A estudante de Engenharia de Biossistemas, Jéssica Rodrigues de Freitas, é bolsista do projeto há um ano. Para ela, trabalhar com projetos que envolvam a recuperação de áreas degradadas enriquece seu conhecimento prático. “Envolvida em projetos de recuperação de ecossistemas ciliares, adquiro conhecimentos sobre técnicas de manejo sustentável de recursos naturais. Essa experiência prática complementa minha formação teórica, fortalecendo minha compreensão dos desafios e soluções relacionados à sustentabilidade no semiárido brasileiro”, avalia.
Jessica Alexandre da Silva é tecnóloga em Agroecologia também colabora com o projeto. Ela conta que uma ação desenvolvida em parceria com uma creche em Livramento foi marcante. “Fizemos a distribuição de algumas mudas e, logo que elas foram entregues para as crianças, recebemos algumas fotos.
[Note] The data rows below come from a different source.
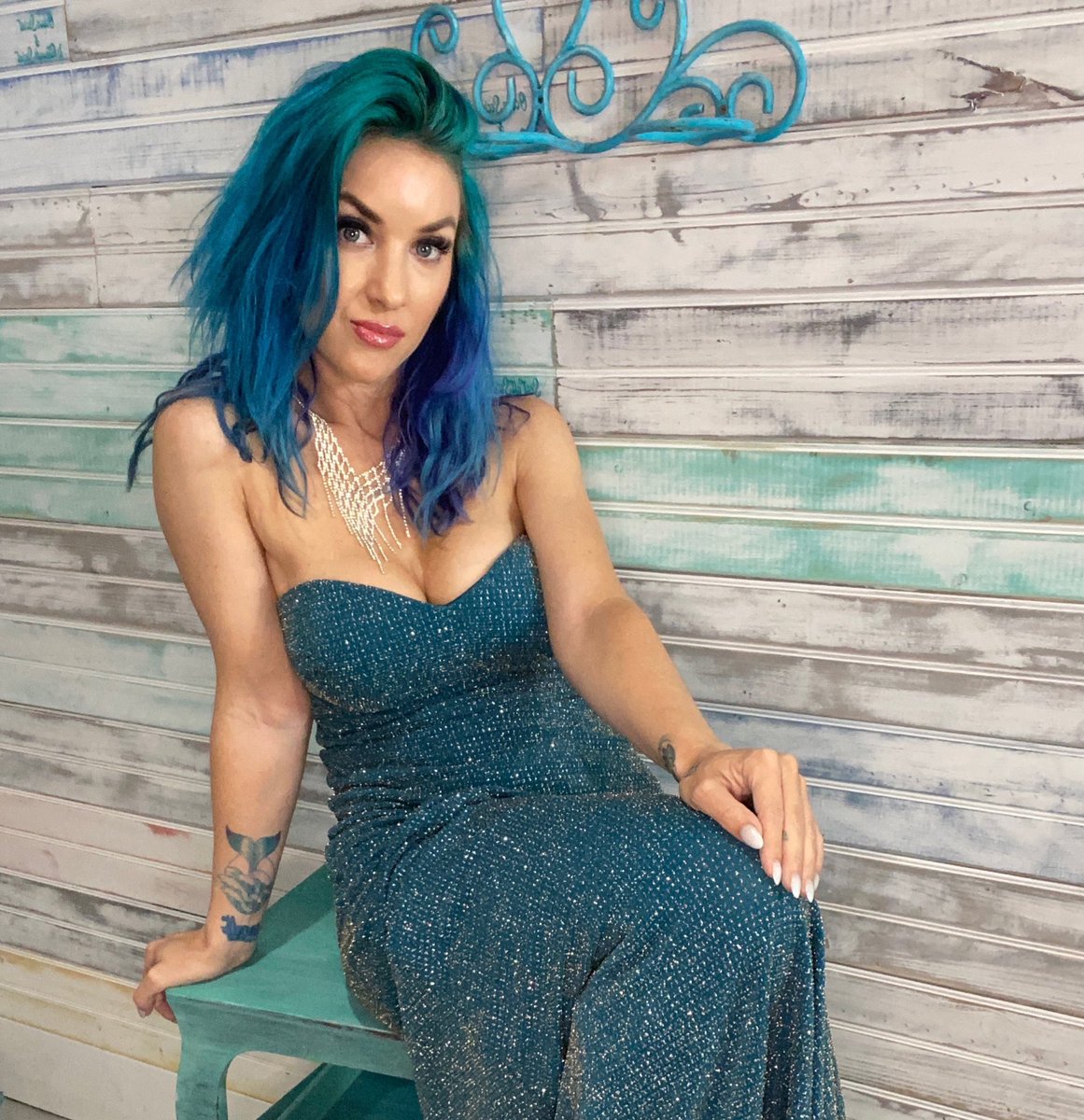 For those of you that said my resting bitch face wasn’t bitchy enough… how’s this one… getting better yet? #rbf #mermaidlife #thelittlemermaid #weatheredwood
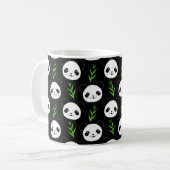 Kawaii Panda Muster Bamboo in Schwarz-weiß grün Kaffeetasse (Vorderseite Links)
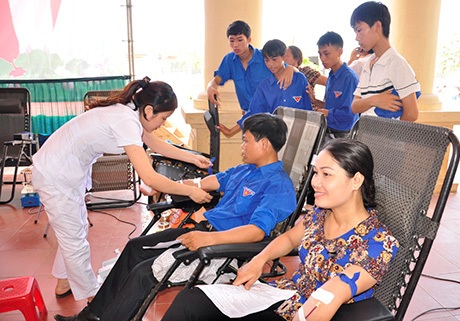 Người dân hào hứng tham gia hiến máu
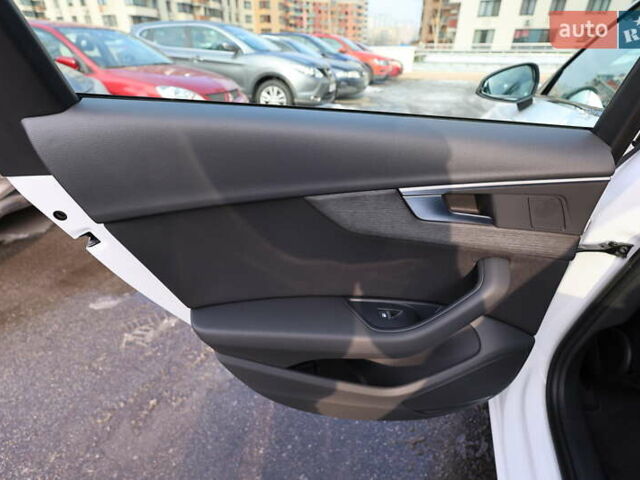 Білий Ауді А4, об'ємом двигуна 1.98 л та пробігом 67 тис. км за 26900 $, фото 14 на Automoto.ua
Ao ver o sorriso de felicidade e esperança em cada rostinho, percebi que todo o trabalho e dedicação está sendo muito valioso e gerando um impacto positivo”, acredita.
Para a coordenadora do Redesab, além do impacto social, a atuação na Bacia do Rio Paraíba contribui com dados que envolvem as matas ciliares com diferentes níveis de sucessão ecológica, a partir do acompanhamento e da observação dos processos de dinâmica de ecossistemas ciliares.
Saiba Mais
No Brasil, o semiárido atinge 12% do território nacional. O clima está presente em todos os estados do Nordeste. De acordo com o Instituto Nacional do Semiárido (INSA), mais de 28 milhões de habitantes vivem em locais com esse clima. Na Paraíba, 194 dos 223 municípios são semiáridos.
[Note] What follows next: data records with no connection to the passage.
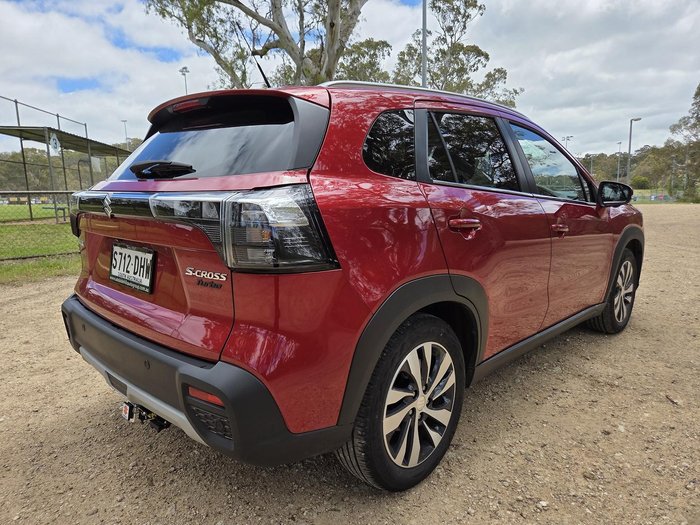 2023 Suzuki S-Cross Plus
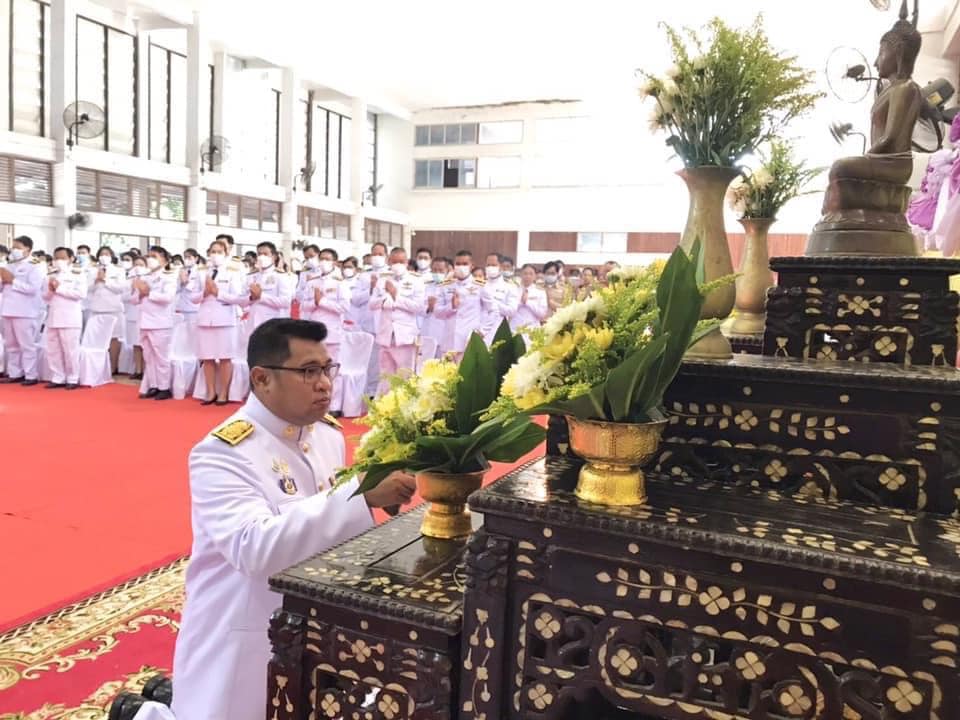 ร่วมกิจกรรมเฉลิมพระเกียรติสมเด็จพระนางเจ้าฯ พระบรมราชินี เนื่องในโอกาสวันเฉลิมพระชนมพรรษา ณ หอประชุมอำเภอธวัชบุรี จังหวัดร้อยเอ็ด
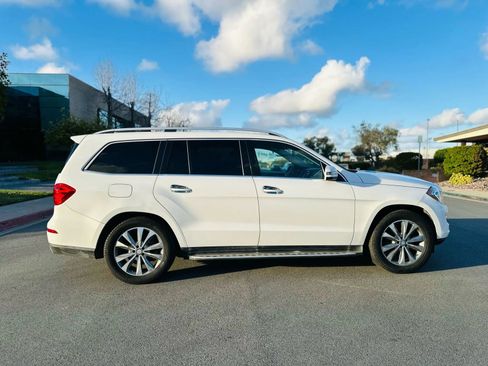 Used 2014 Mercedes-Benz GL 450 4MATIC w/ Lighting Package image 9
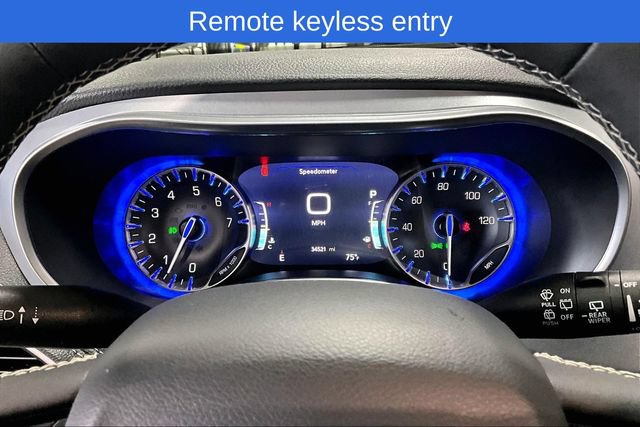 Used 2025 Chrysler Pacifica Limited FWD image 16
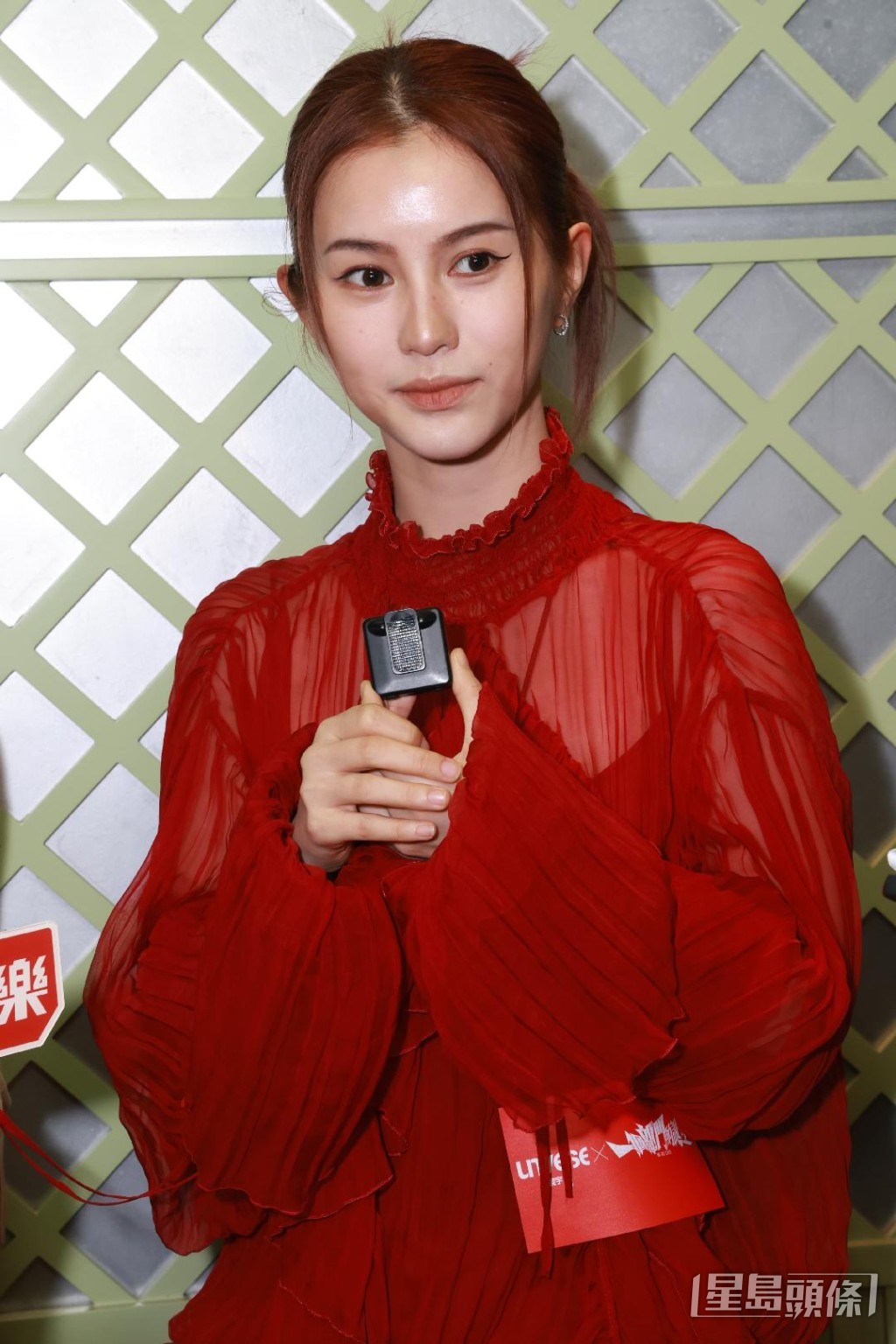 首次飾演母親的鄧月平終於體會到當媽媽的難處。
Apesar da escassez de água, a Caatinga conta com 11.036 espécies vegetais. O clima permite, inclusive, atividades extrativistas, como o cultivo de milho, feijão, cana-de-açúcar e umbu, que ocorrem aqui no estado.
A fauna do semiárido também surpreende. São 1.307 espécies de animais, sendo 327 exclusivas das regiões onde o clima é observado. Assim como as plantas, os animais também conseguem se adaptar às condições de sol intenso e poucos recursos hídricos. Muitas das espécies desenvolveram hábitos noturnos e comportamentos migratórios.
*Matéria publicada originalmente na edição impressa do dia 23 de junho de 2024.